A partitioning-related performance problem came my way last week that had me scratching my head, until a 10053 trace illuminated the path to a solution.
The problem was one of poor performance for a query that joined two range partitioned tables (having different partitioning keys — in fact one is multicolumn range/list composite partitioned, the other single column range partitioned) via two dimension tables. The immediate sign of a problem was the extensive use of nested loop joins, and that led to the observation that the cardinality of the result set from one of the partitioned tables was low. Initially I thought that this was due to the use of global statistics, as the query required the use of dynamic partition pruning (albeit to a single partition).
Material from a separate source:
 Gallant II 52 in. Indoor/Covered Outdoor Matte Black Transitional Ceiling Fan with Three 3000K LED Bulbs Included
When the predicates were manually rewritten against the fact table itself the estimated cardinality reduced even more — in fact it was now 10,000 times lower than the real cardinality, being 388 against a real value of nearly four million.
Applying dynamic sampling hints at level 5 for the fact table corrected the estimation very well, but as the stored partition statistics were accurate there was more investigation to be done.
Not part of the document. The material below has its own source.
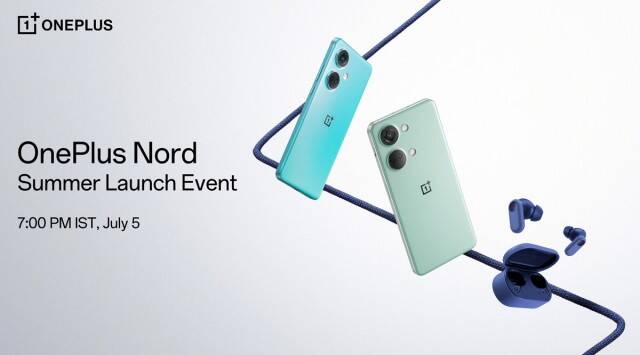 OnePlus to unveil the Nord 3 5G smartphone at the Nord Summer Launch Event on July 5; the Nord CE3 5G and Nord Buds 2r to be launched as well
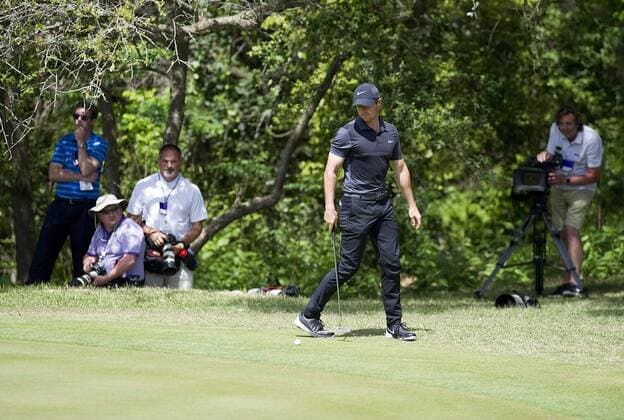 March 26, 2016: Rory McIlroy in action World Golf Championships-Dell Match Play Round 5 at the Austin Country Club. Austin, Texas. PGA Golf Herren 2016: World Golf Championships MAR 26 - ZUMAc04_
A 10053 trace was executed, and the following entry noted.
SINGLE TABLE ACCESS PATH
Column: FISCAL_MON Col#: 3 Part#: 84 Table: FCT_FSA_1 Alias: FSA
NO STATISTICS (using defaults)
NDV: 121206 NULLS: 0 DENS: 8.2504e-06
NO HISTOGRAM: #BKT: 0 #VAL: 0
As is often the case, the penny dropped immediately — no statistics were stored at the partition level for the partition key column, and this was confirmed by querying USER_PART_COL_STATISTICS. The reason for that was our extensive use of the DBMS_STATS method option clause “FOR ALL INDEXED COLUMNS SIZE 254”. Because the column has a single value per partition we are not indexing it, therefore the column was not subject to statistical analysis, therefore the optimizer was making an incorrect assumption of the cardinality.
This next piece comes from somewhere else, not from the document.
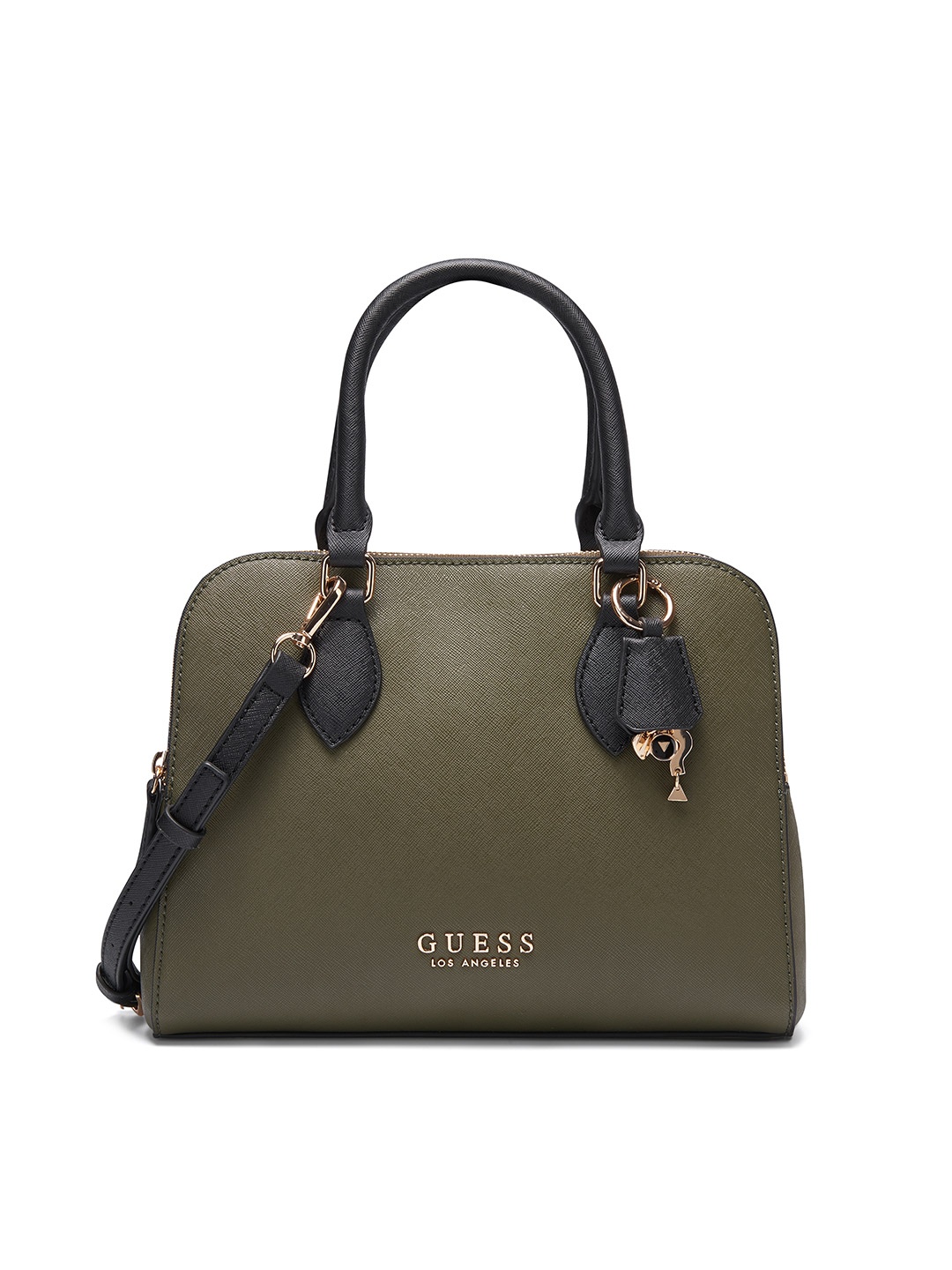 

GUESS Structured Satchel, Olive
In fact this column had been indexed in the past but a rash of performance problems involving inappropriate use of the index had caused us to drop it. From that time onwards the partitions contained no statistics on that partition key column.
I put together a script to identify all partition key columns that are missing statistics at the partition level — I believe I’ll also have to do the same for subpartitions, although in that case I’ll be looking for subpartition and partition key columns that have no statistics stored at the subpartition level.
A similar query allows the identification of those columns that require statistics to be gathered for particular partitions. I could either reanalyze the partitions or use DBMS_Stats to set the statistics manually, which ought to be pretty straightforward as the appropriate values can be derived directly from the partition names. However life is too short for the learning curve on that second option at the moment, so re-analyze it will be.
And so on to how we fix our processes to avoid this in future.
- Idea 1: Start specifically naming the columns for which we want to gather statistics
- Idea 2: Use the REPEAT clause to collect histograms only on the columns that already have them
I’m not sure that the REPEAT is what we want though. I think I’m more comfortable with just listing the columns and the appropriate size, which I’ll probably specify either as 1 (no histogram) or 254 (histogram). This number would obviously change at the partition and the global levels for columns such as FISCAL_MONTH for which there is a single value at the partition level but multiple values at the global level.
- Idea 3: I wonder whether there is value in creating a new framework for specifying statistics gathering parameters, involving a series of metadata tables that can be used to specify global, partition and subpartition-level options for building DBMS_Stats.Gather_Table_Stats calls dynamically? A table of TABLE_NAME, COLUMN_NAME, GRANULARITY, SIZE_CLAUSE, something like that. Sounds like a reasonably large undertaking that’s not going to happen this afternoon, though.
- Idea 4: Dynamic statistics gathering produced such a good estimate that I wonder whether there is value in just dropping all statistics from the table, global and local, and handing the job over to query-time estimation? It worked well for the query in question, but how would more complex queries fare? How would it impact query rewrite?